わたしゃお前に盛りつぶされ、あまり辛さの酔いざまし、風に吹かれているわいなあ。



おお、そんなら何か、そなたはあまり辛さの酔いざまし。あの、風に吹かれ・・・。
ムム、よう吹かれていやったのう。
時にかる、そもじに話したいことかあるが、何を言うても屋根越しの天の川では話しにならぬ。ちゃっと降りてはたもらぬか。



話したいとは、頼みたいことかえ。



まあそんなものじゃ。



そんなら廻って来やんしょう。



いや、段梯子へ廻ったら、仲居がとらえて酒にしよう。何ぞよい・・・
おお幸いここに九つ梯子、これをつとうて降りてたも。



小屋根にかければ、



おおこわ。こりゃいつもとは勝手が違うて、危ないわいなあ。



危ない怖いは昔のこと。今は三間ずつまたげても、赤膏薬もいらぬ年配。



阿呆言わんすな。したが何じゃやら船に乗ったようで怖いわいなあ。



道理で船玉様が見ゆるぞ。



覗かしゃんすな。



洞庭の秋の月を拝み奉る。



そのようなこと言うたら降りゃせぬぞえ。



降りずば降ろしてやろう。逆縁ながら。



後ろより抱き降ろし、



ときにかる、そもじは何ぞごろうじたか。



あい、・・・いいえ。



いや、見たであろう見たであろう。



何じゃやら、面白そうな文を。



あの、二階から。



あい。



残らず、読んだか。



おお、くど。



南無三。身の上の大事とこそはなりにけり。ぽうぽう。



何のこっちゃぞいなあ。



何のこととは、かる、古いが惚れた。女房になってはたもらぬか。



おかんせ、嘘じゃ。



嘘から出たまことでのうては根がとげぬ。応と言や応と言や。



言うまいぞえ。



そりゃまた、何故に。



お前の嘘から出たまことでのうて、まことから出た、みんな嘘、嘘。



嘘でない証拠、身請けしょう。



いえ、私には。



いやいや、間夫があるなら添わせてやろ。暇が欲しくば暇やろう。
侍冥利、三日なりとも囲うたら、あとはそもじの勝手次第。



嬉しゅうござんす。と言わしておいて笑おうでの。



疑い深い奴ちゃなあ。そんなら今の間にあるじに金渡してくるほどに、
どこへも行ってはならぬぞよ。これ女房ども。



それもたった三日。



おお三日承知。



嬉しゅうござんす。



こりゃかる、この由良之助に請け出さるるが、それほどまでに嬉しいか。



あいなあ。



嬉しそうな顔わいやい。



世にも因果な者ならわしが身じゃ、可愛い男に幾世の思い、
ええ何じゃいなおかしゃんせ。



嬉しや嬉しや。嬉しいといえばこのことをととさんやかかさんへちっとも早よう、そうじゃそうじゃ。



忍び音に啼く小夜千鳥。



折に出でおう平右衛門



祗園の一カという茶屋だけあって賑やかなこったなあ。そこなお女中、ちとものをおたすね申します。この揚屋に山崎から来た、かるという女子がおる筈。ご存知なればどうぞお教えなされて下さりませ。

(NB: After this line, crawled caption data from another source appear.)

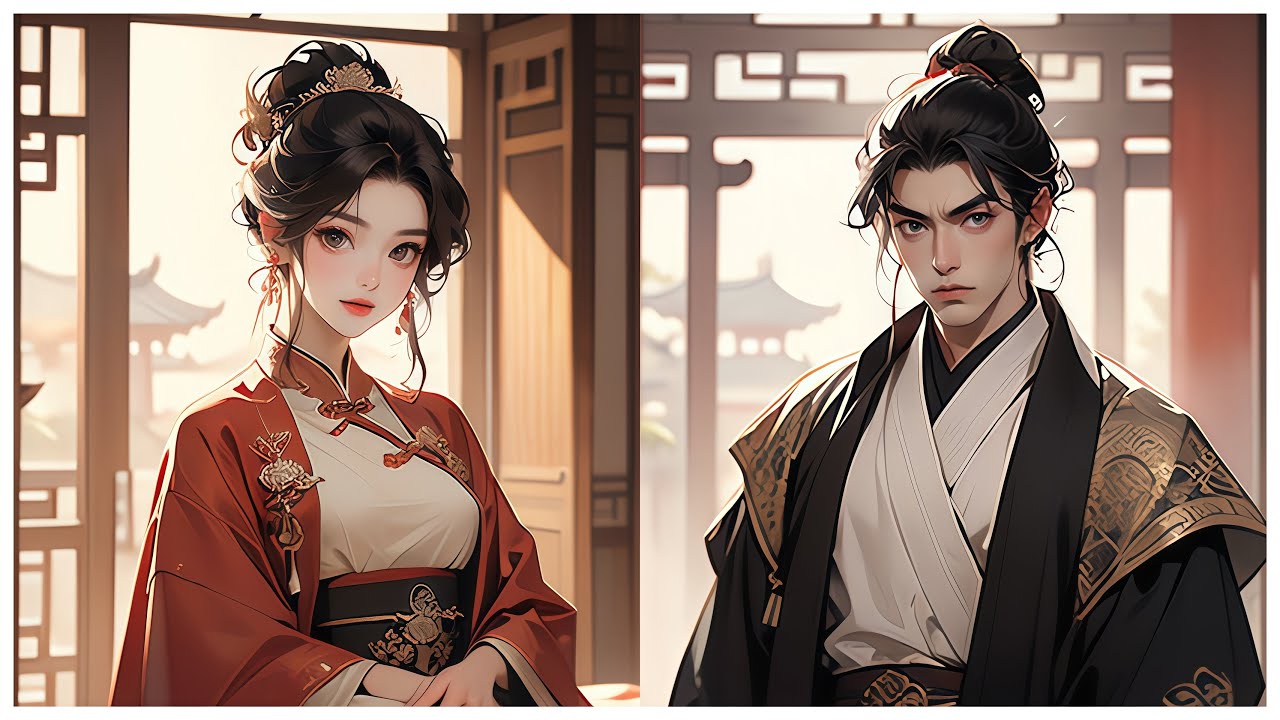 📕Возродившись, мы с сестрой поменялись браками. На этот раз генерал, знавший правду, был вне себя...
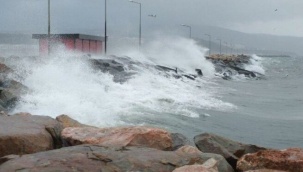 Meteoroloji uyardı: Fırtına geliyor
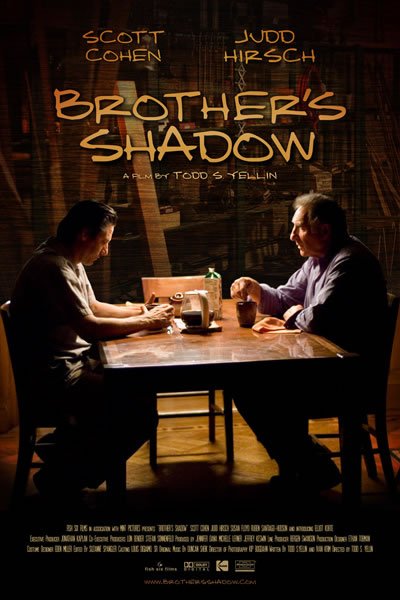L'affiche du film Brother's Shadow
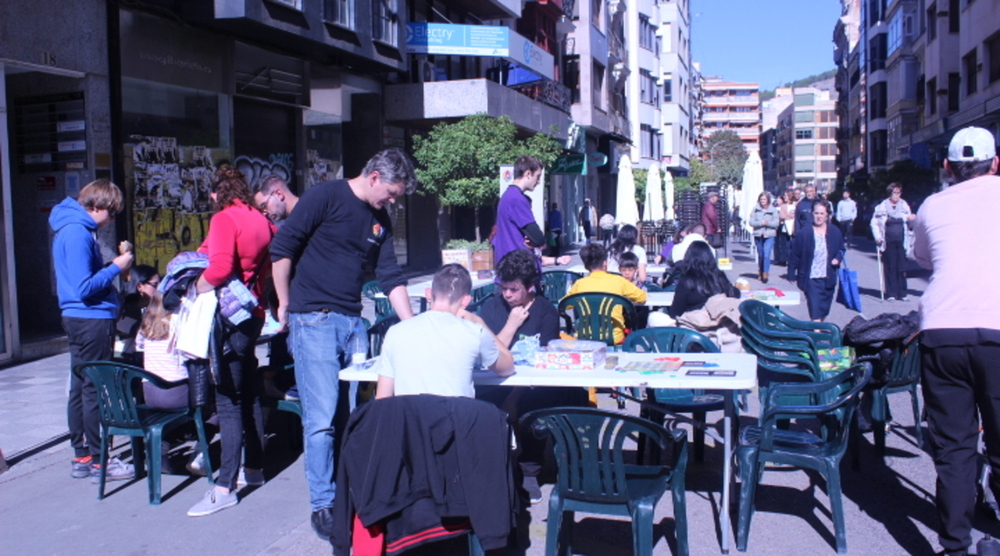 Un 'finde' lleno de cultura en el Festival de Otoño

待って下さんせいなあ。わたしゃ今急ぎの用をしているほどに、そのようなことは、若い衆に聞いて下さんせいなあ。



たしかにこの家と聞き及びこうしてまいりました。実はな、その女子に会って言わねばならぬ大切な用事がござります。ご存知ならばお教えなされて下さりませ。この通りお頼み申します。



まあまあ待って下さんせ。何じゃいなあ。わたしが急ぎの用をしてしる傍で、お前がそのように頼む頼むとくどう言わしゃんすによって、それ見しゃんせ、頼む、頼むと書いてしもうたしゃないかいなあ。そんならこうしやしゃんせ。そこの廊下を行くと広い座敷があって、そこに大勢若い衆がいるほどに、そこへ行ってきいたらいっち早い・・・



や、わりゃ妹じゃないか。



あ、お前は兄さん、面目ないわいなあ。



なんの面目ねえことがあるものか。関東よりの戻りがけ、母者人に聞いてくわしく知った。お主のため、夫のため、よく売られた。でかしたでかした、でかしたなあ。



そんならお前、叱ってしゃないかえ。



なんの、叱っていいものか。兄はなあ、ほめているわえほめているわえ。



お前もご無事でこのような嬉しいことはないわいなあ。兄さん、お前に会うたら何よりもいっち早う聞きたいはな、ソレあの、か・・・かかさんはお達者でござんすかえ。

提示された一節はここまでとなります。